## INFORMATION PROVIDED
────────

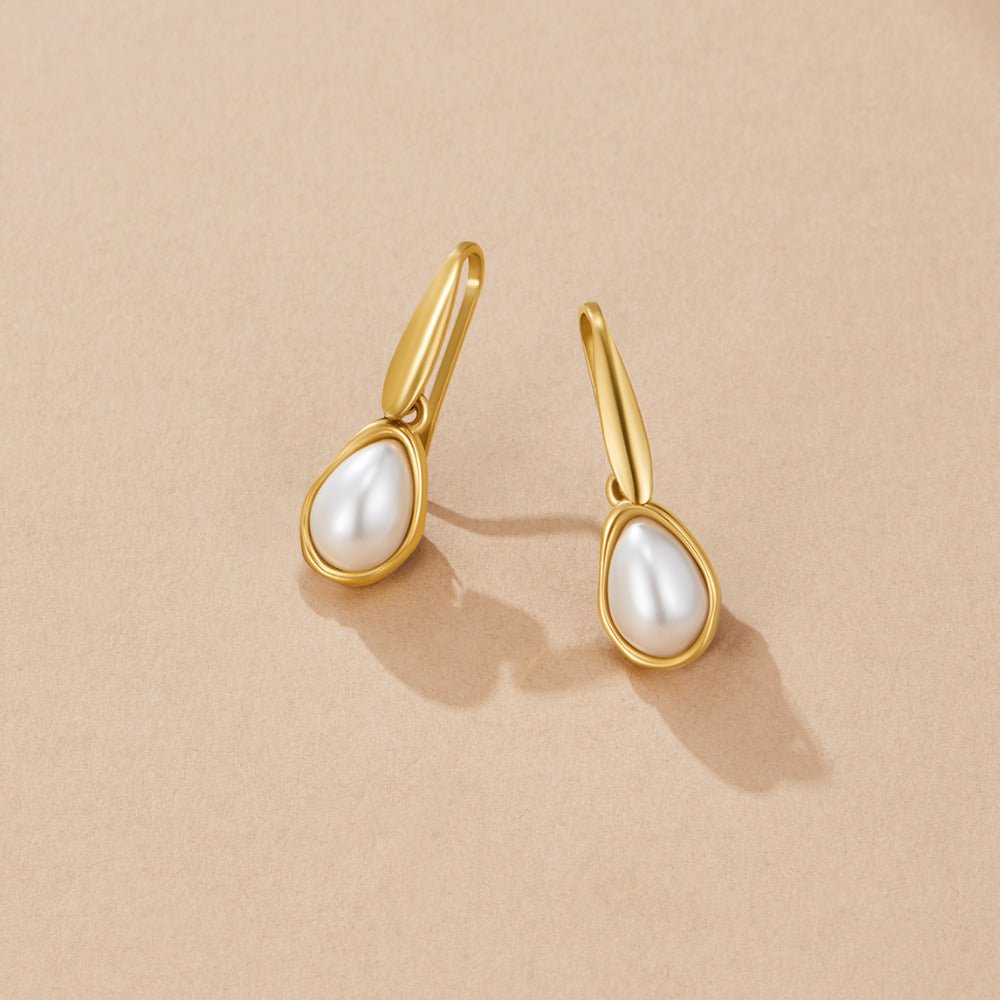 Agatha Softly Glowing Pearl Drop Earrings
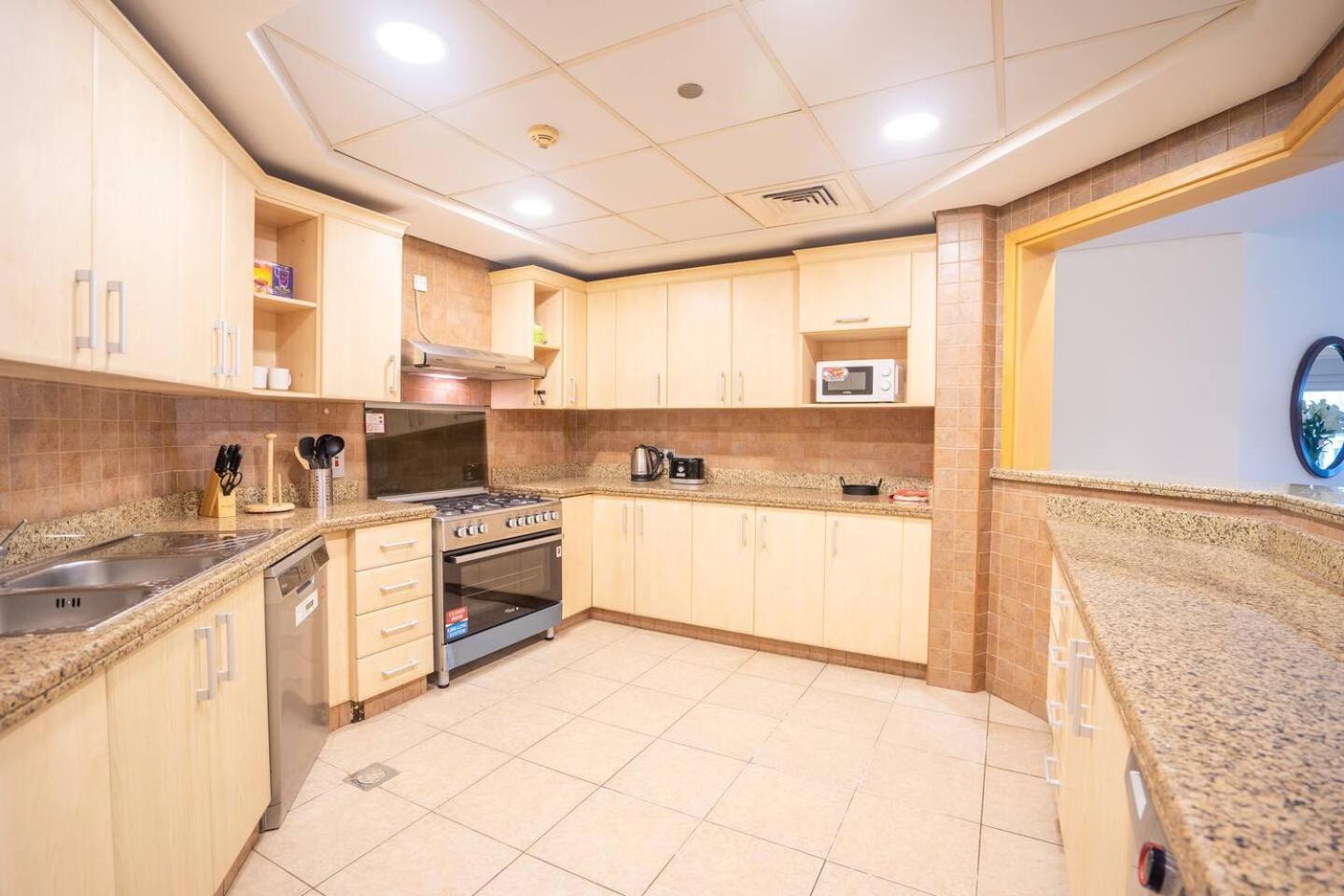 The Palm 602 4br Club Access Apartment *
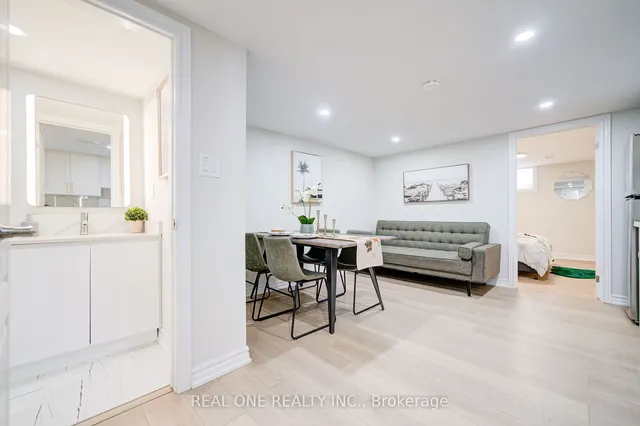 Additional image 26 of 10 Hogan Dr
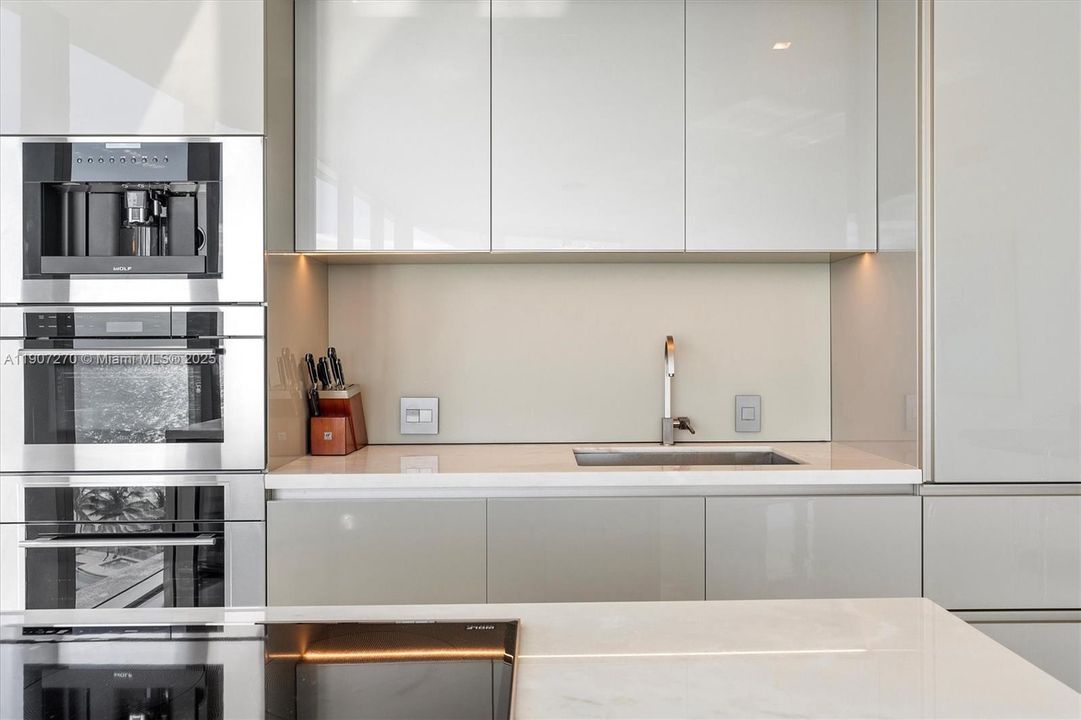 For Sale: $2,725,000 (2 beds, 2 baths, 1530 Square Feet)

────────

## WORK REQUIRED
Repeat the material exactly. Any picture in it should be dropped.

## SOLVED PROBLEM
 Agatha Softly Glowing Pearl Drop Earrings
 The Palm 602 4br Club Access Apartment *
 Additional image 26 of 10 Hogan Dr
 For Sale: $2,725,000 (2 beds, 2 baths, 1530 Square Feet)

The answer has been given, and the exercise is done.